[Image-text web data]
= Beginning of Section =

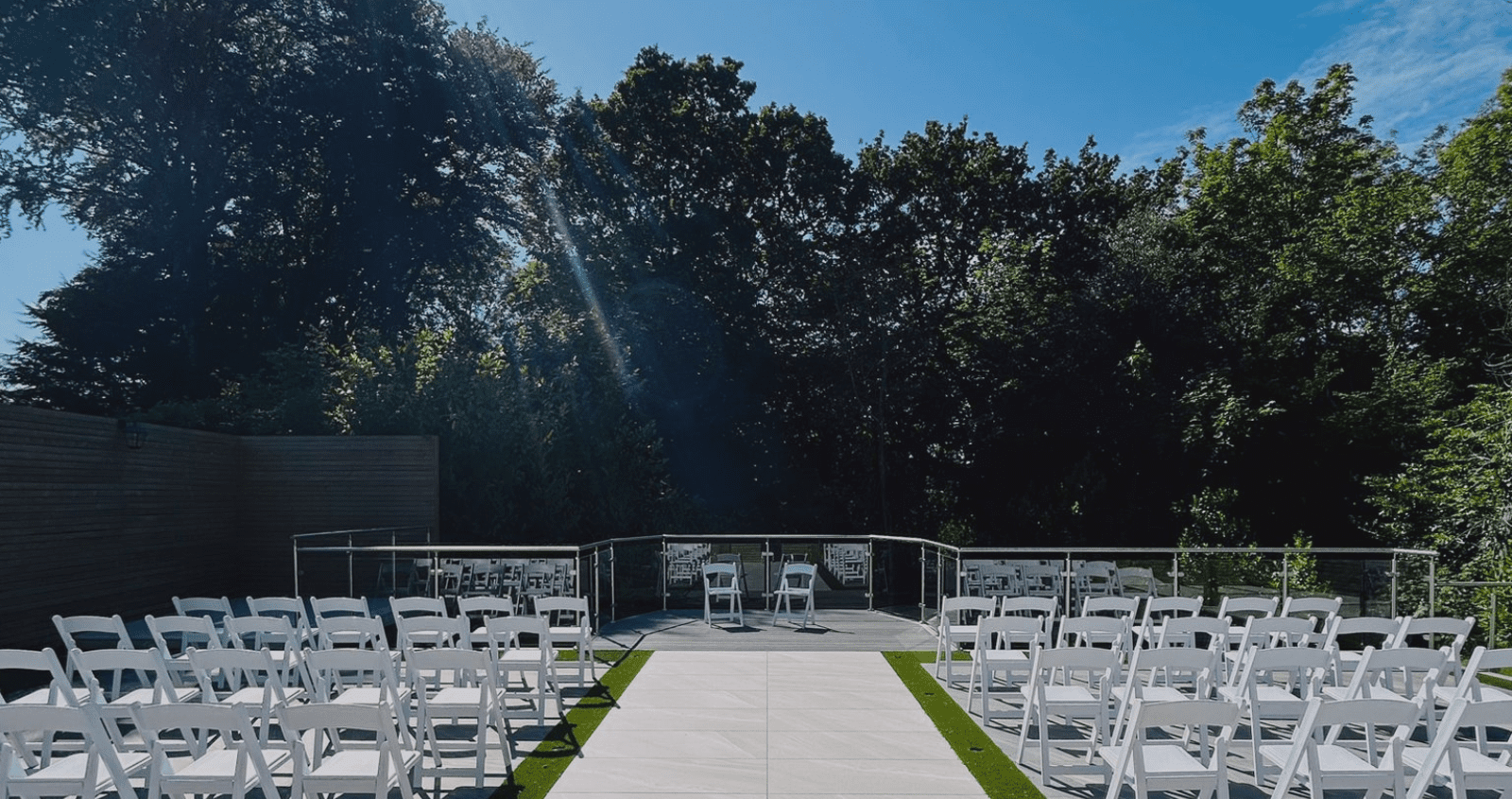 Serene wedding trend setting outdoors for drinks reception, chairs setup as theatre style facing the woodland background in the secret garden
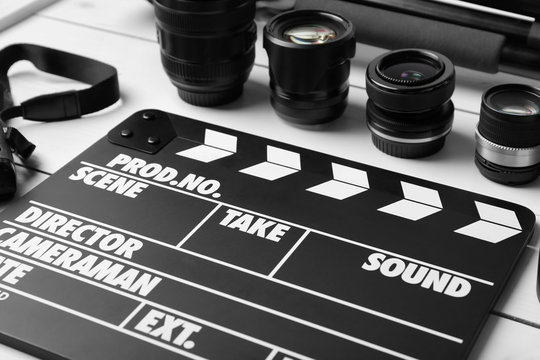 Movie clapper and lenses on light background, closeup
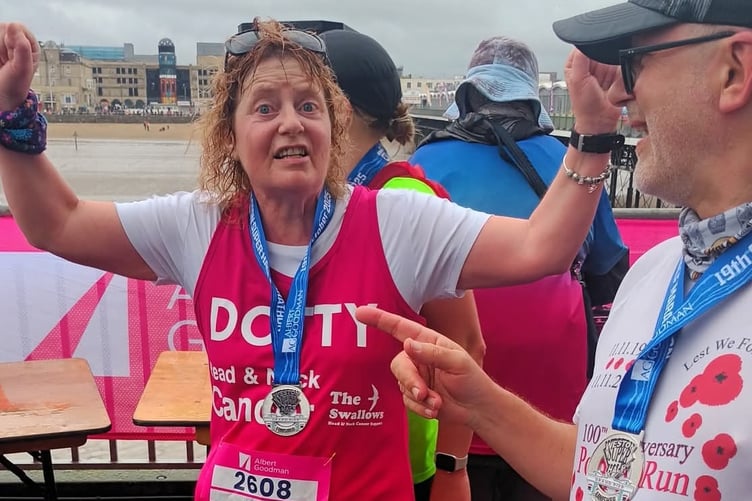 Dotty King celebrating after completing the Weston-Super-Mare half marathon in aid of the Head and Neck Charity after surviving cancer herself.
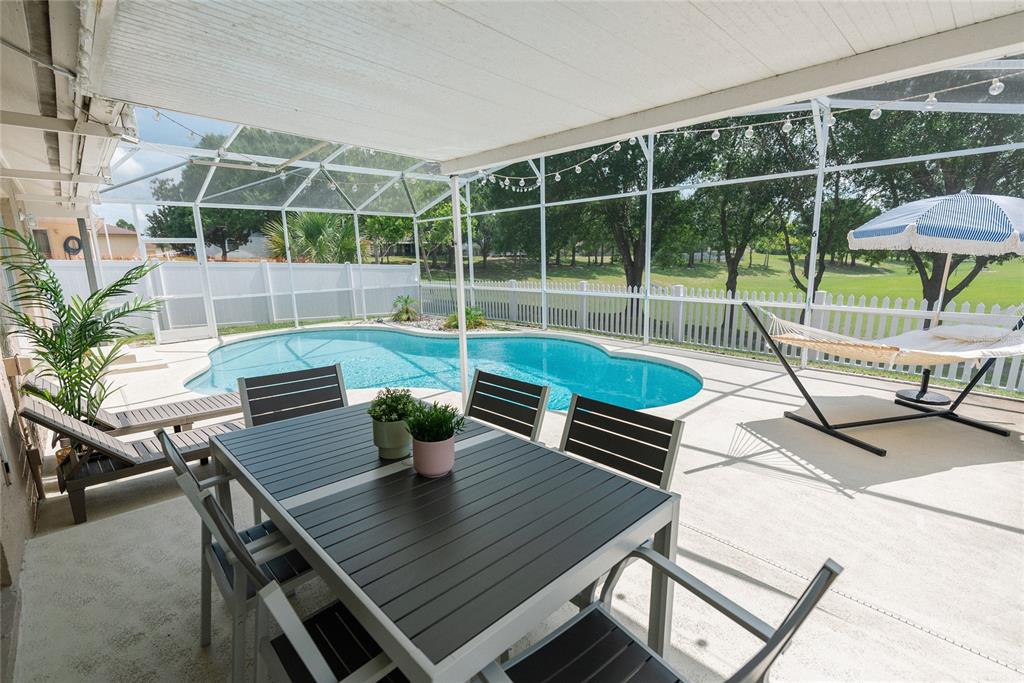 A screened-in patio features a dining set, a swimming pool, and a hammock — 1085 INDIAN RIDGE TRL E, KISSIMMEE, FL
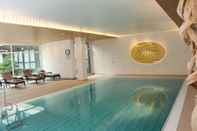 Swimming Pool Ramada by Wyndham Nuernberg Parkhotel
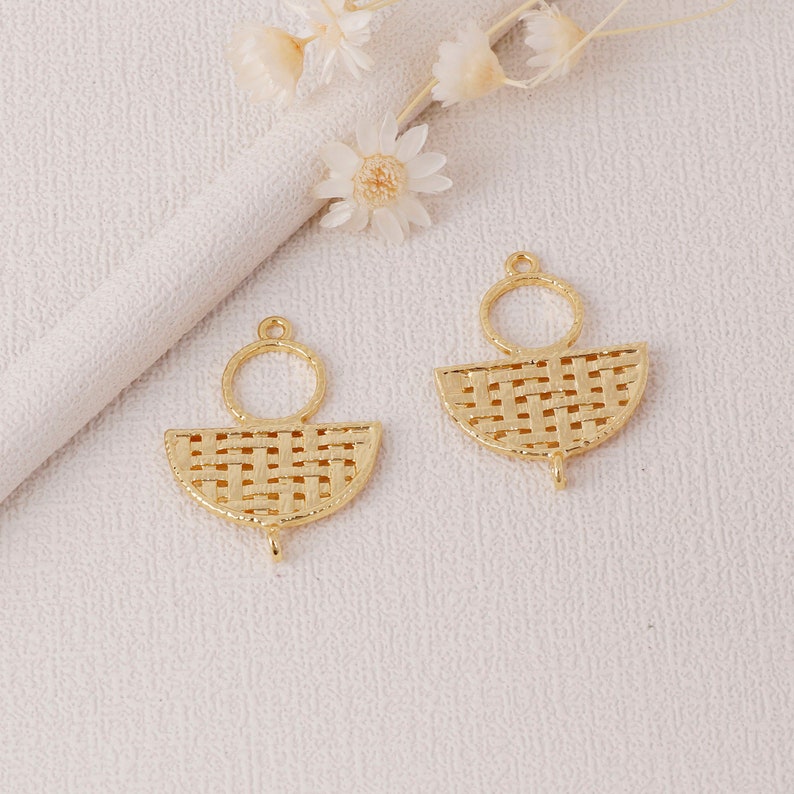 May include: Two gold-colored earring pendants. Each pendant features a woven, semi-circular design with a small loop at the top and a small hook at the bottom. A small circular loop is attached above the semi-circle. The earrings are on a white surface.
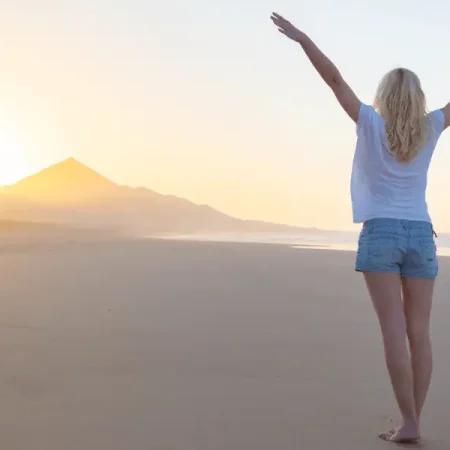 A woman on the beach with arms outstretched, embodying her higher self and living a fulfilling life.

= End of Section =

- Try it: Transcribe the data verbatim. No picture belongs in the result.

- Task solution:
 Serene wedding trend setting outdoors for drinks reception, chairs setup as theatre style facing the woodland background in the secret garden
 Movie clapper and lenses on light background, closeup
 Dotty King celebrating after completing the Weston-Super-Mare half marathon in aid of the Head and Neck Charity after surviving cancer herself.
 A screened-in patio features a dining set, a swimming pool, and a hammock — 1085 INDIAN RIDGE TRL E, KISSIMMEE, FL
 Swimming Pool Ramada by Wyndham Nuernberg Parkhotel
 May include: Two gold-colored earring pendants. Each pendant features a woven, semi-circular design with a small loop at the top and a small hook at the bottom. A small circular loop is attached above the semi-circle. The earrings are on a white surface.
 A woman on the beach with arms outstretched, embodying her higher self and living a fulfilling life.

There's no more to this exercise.